Suona la sveglia; ti vesti; traffico; ufficio; un discutibile caffè alle macchinette; occhi incollati al pc; fugace sguardo all’orologio; uscita; traffico; cena e relazioni sociali di circostanza; imposti la sveglia; chiudi gli occhi. Suona la sveglia; ti vesti; traffico… Tempo per staccare e riflettere? Non consentito. La lettura di Solo bagaglio a mano sicuramente è un’opportunità per dedicare qualche ora a questo lusso (va giusto bene che siano solo ottantasette pagine, così non ci si flagella per aver perso tempo).

La Corea del Sud è uno dei paesi con il tasso di suicidi più elevato al mondo, al punto che alcune aziende, per dissuadere i dipendenti da questa scelta, sono arrivate a mettere in scena falsi funerali. Quale miglior occasione per cercare di cogliere il famigerato senso della vita se non stare chiusi in una bara a riflettere? Gabriele Romagnoli è stato direttore della rivista GQ, corrispondente da New York per La Stampa e dal 2019 conduce il podcast de La RepubblicaLa prima cosa bella. Recatosi nella città di Naju, si rivolge alla Korea Life Consulting. Il servizio pensa proprio a tutto: un finto testamento, abiti funebri, foto, cassa. Poche cerimonie è il coperchio si chiude; può iniziare a pensare.

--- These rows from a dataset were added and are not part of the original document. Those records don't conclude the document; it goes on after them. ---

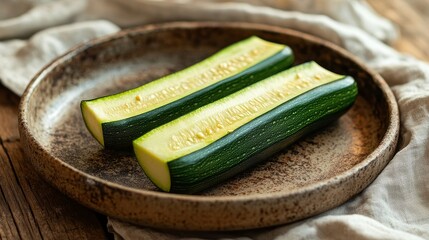 Zucchini slice with seeds on ceramic plate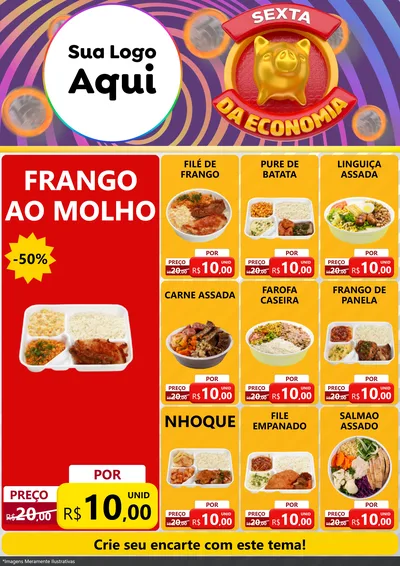 Modelo de Encarte para Encarte A4 Vertical com o tema Sexta da Economia para Restaurante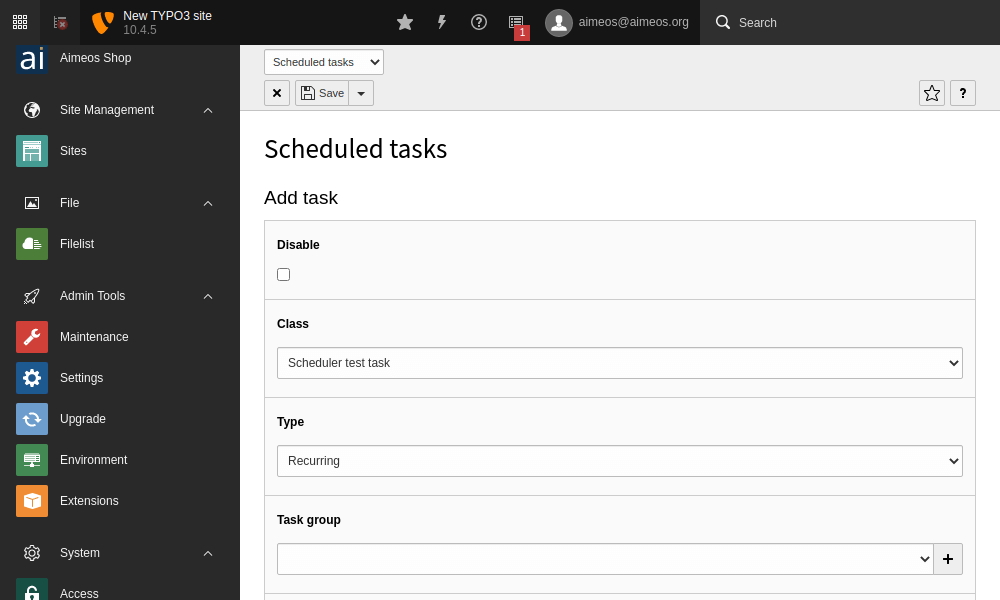 Aimeos scheduler task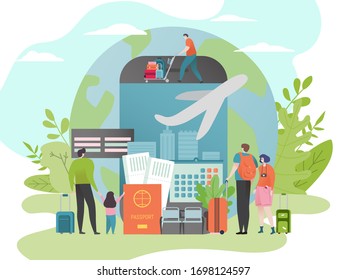 Ticket booking online service vector illustration. Flight booked through mobile application. Book and purchase travel in internet. People cartoon character near smartphone screen, plane, passport.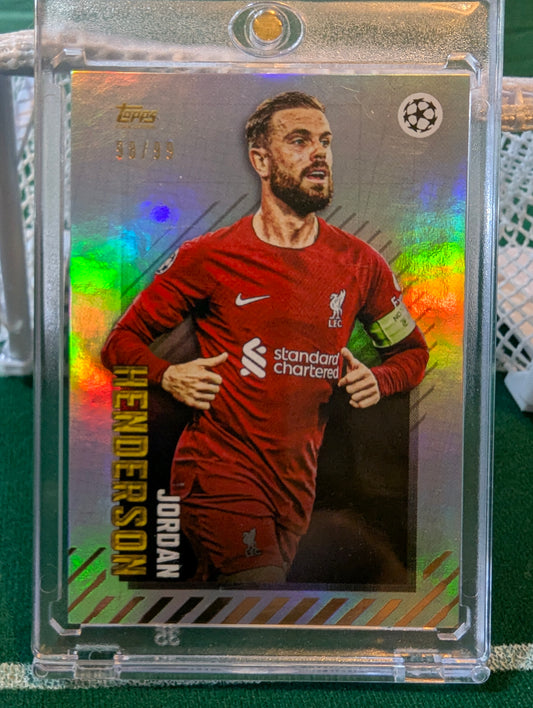 Topps Gold Jordan Henderson /99 Liverpool Champions League Parallel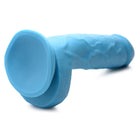 Light blue silicone dildo with flared suction cup base – Pop Peckers 8.25’ with Balls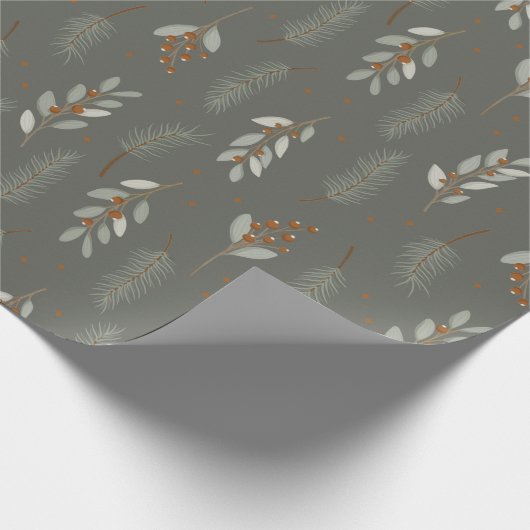 Nordische Weihnachtslandschaft Geschenkpapier (Ecke)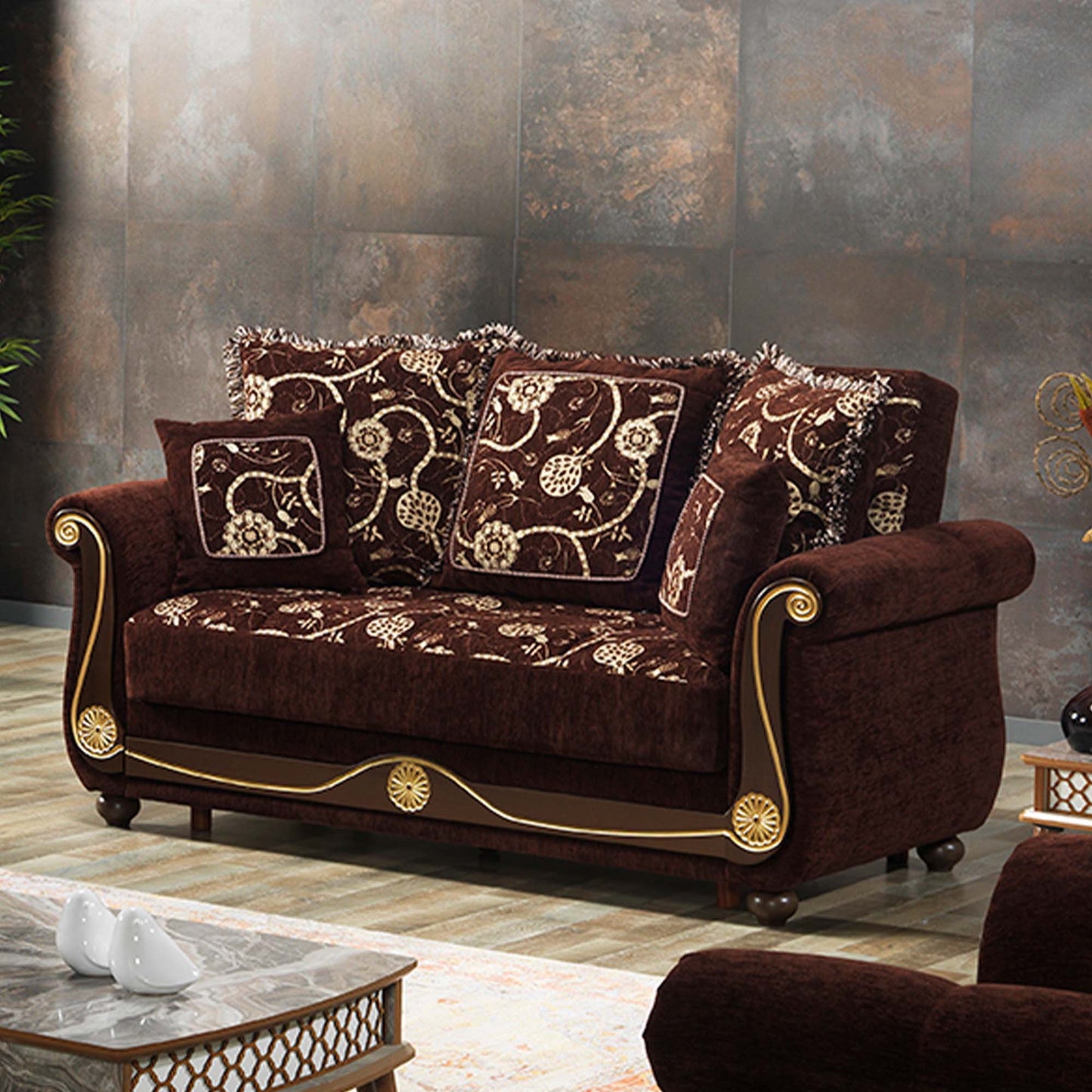 Chenille Futon Convertible Sleeper Love Seat With Storage - Brown Dark Brown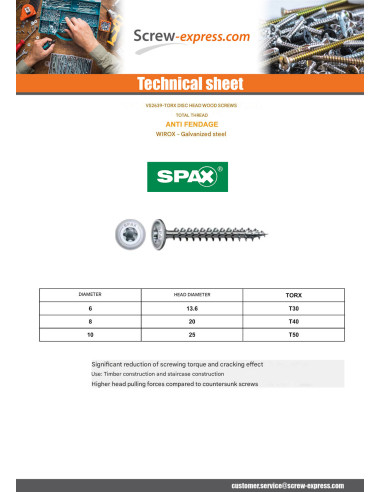 1 x Spax Wood Screw Disc Head Screw T40 8X140...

Come riassumere un interrogativo così grande, l’Interrogativo per antonomasia? Due sono i cardini, strettamente collegati tra loro, attorno ai quali ruota Solo bagaglio a mano: il segno meno e la parola leggerezza. Come il titolo suggerisce, la metafora ricorrente è quella della valigia 55x40x20 cm, una vera è propria way of life che l’autore consiglia per sopravvivere ai modelli di vita contemporanei. Il bagaglio perfetto deve essere:

  • Capiente: deve contenere più “indumenti, cosmetici, farmaci, libri, […] emozioni, progetti, memorie” possibili.
  • Leggero: “perché scegliere un contenitore pesante? […] Ha senso imbarcarsi in imprese in cui la fatica è superiore all’esito?”.
  • Agevole: nulla deve intralciare il movimento. “Circolare, muoversi, scambiare, cambiare. Ne hai diritto”.

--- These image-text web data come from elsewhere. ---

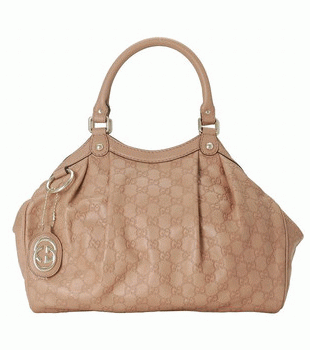 GUCCI/グッチ 2012年春夏SUKEYグッチシマGG柄Gチャーム付きミディアムプリーツバッグ 211944 AA61G 2729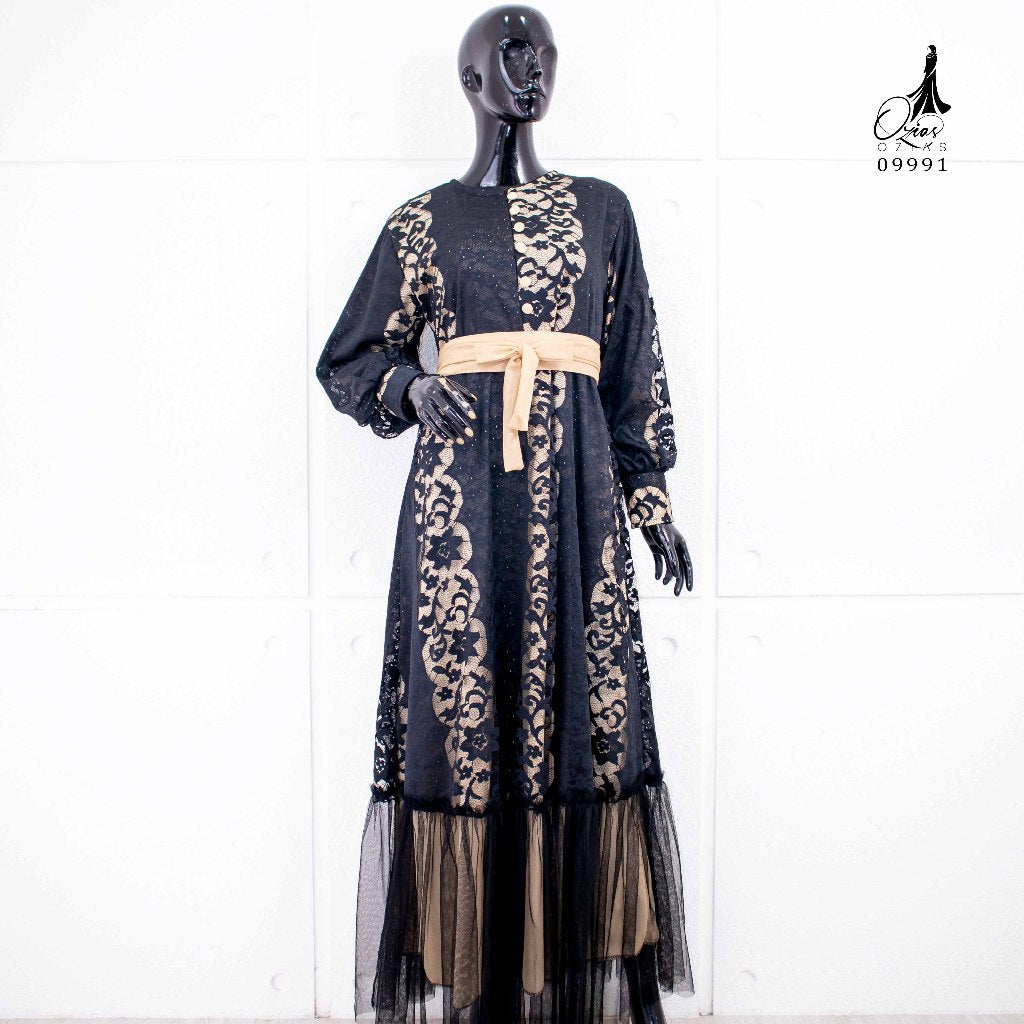 GAMIS OZIAS BROKAT JASMINE 09991 LD 105 120 I Gamis Kondangan Pesta I Gamis Wisuda Remaja Muslim Nyaman 2XL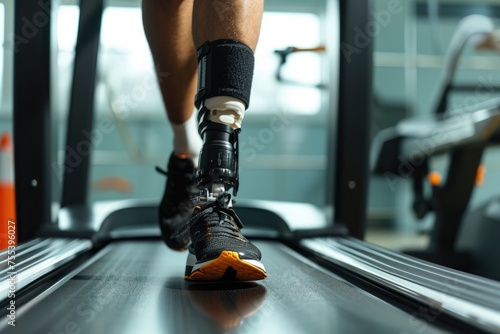 A disabled man with a prosthetic instead of a leg trains on a treadmill. Close-up of sneakers on the belt of a sports simulator.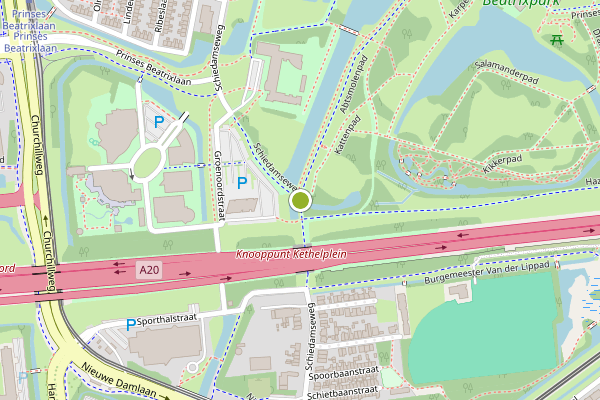 Ambulance-melding op Schiedamseweg, Schiedam op 30 juli, kaart-overzicht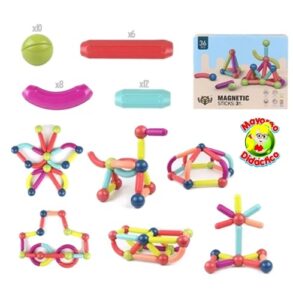 9884 *PALITOS MAGNETICOS de Construcción* (24x18 cm.) 36 Pcs. - Imagen 3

Il processo di alleggerimento della proprio modo di stare al mondo inizia dalle certezze, l’equivalente del portarsi i guanti da neve se si sta partendo per le Maldive. Il relativismo assoluto è la fede da abbracciare: se tutto è diverso (parole ed emozioni comprese) ad ogni latitudine e per ogni persona, a che servono le proprie convinzioni? Anche i fantasmi di se stessi sono inutili, anzi pericolosi: trasportare il peso delle vite che “non sono state o non saranno” rischia di far precipitare nell’immobilismo. Insomma: Sliding doors è un bel film, ma è meglio che non diventi uno stile di vita.

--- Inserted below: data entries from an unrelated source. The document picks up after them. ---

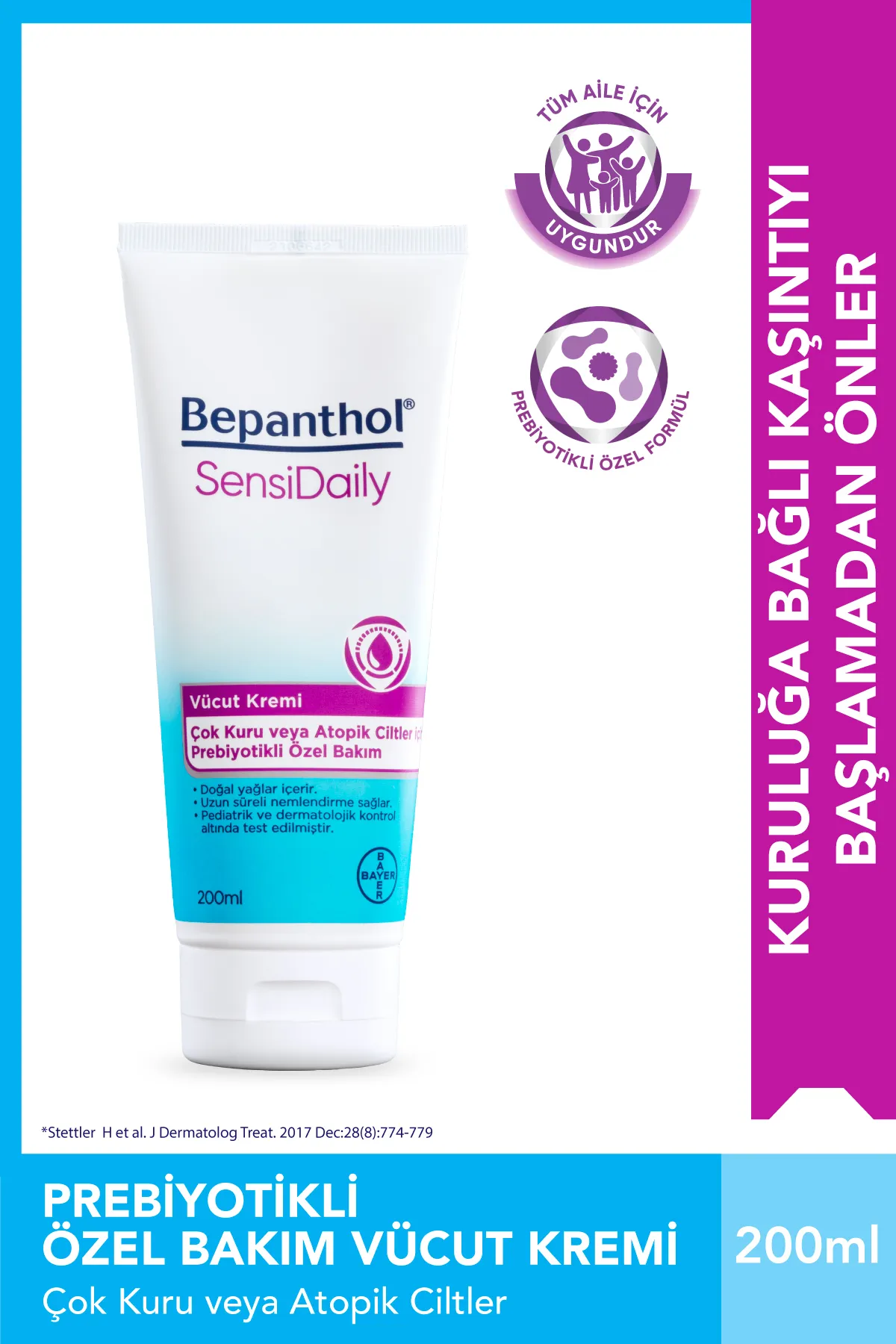 Bepanthol%20Sensidaily%20Kuru%20ve%20Atopik%20Ciltler%20İçin%20Prebiyotikli%20%20Vücut%20Kremi%20200%20ml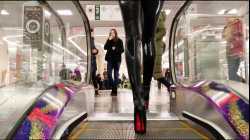 Public Walking in Latex and heels 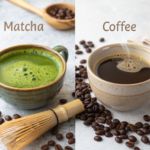 A matcha latte and a black coffee side by side representing the choice between calm focus and quick energy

Perdere e perdersi è consentito, anche questo vuol dire alleggerirsi. Quando capita in una città, puntualmente si scopre un negozio, un angolo, una storia che neanche si immaginava esistesse. Perdere qualcosa è liberatorio, genera spazio e permette di sfruttarlo al meglio. Anche perdere tutto può essere un’opportunità: ci sono città che, rase al suolo, hanno saputo rinascere dalle proprie ceneri, splendenti più di prima. Persino dimenticare è utile, un altro modo di liberare spazio, di disfarsi di ricordi inutili o dannosi. Il rischio è quello di “ammalarsi” di ipertimesia: ricordare tutto immobilizza, costringe lo sguardo a fissare il passato e a ignorare il futuro. E infine meno cultura del possesso e dell’eredità: l’accumulo e l’amore per gli oggetti sono due vere e proprie ossessioni, che colpiscono ricchi e poveri, figlie di un stile di vita da smantellare velocemente. Per la salute del pianeta e della società, aggiungo. Quindi più Shaquille O’Neal e Sting nel mondo, contrari a lasciare eredità materiali ai figli; più modelli di sharing economy!

Gabriele Romagnoli non ha scritto un romanzo, ma un vero e proprio manifesto culturale per affrontare le sfide e i cambiamenti necessari per rivoluzionare la società. Non a caso si rivolge ai giovani, a una nuova generazione “capace di scegliere la libertà, di consumare soltanto il necessario,[…] di non credere in idee e fedi che le sono state date, preconfezionate”.Un’utopia tutto questo? Forse, ma tanto vale provare: in fondo, prima di ogni viaggio, si cerca di togliere grammi dai bagagli per restare sotto la soglia dei dieci chili. Il metodo l’abbiamo capito, bisogna solo applicarlo a campi diversi.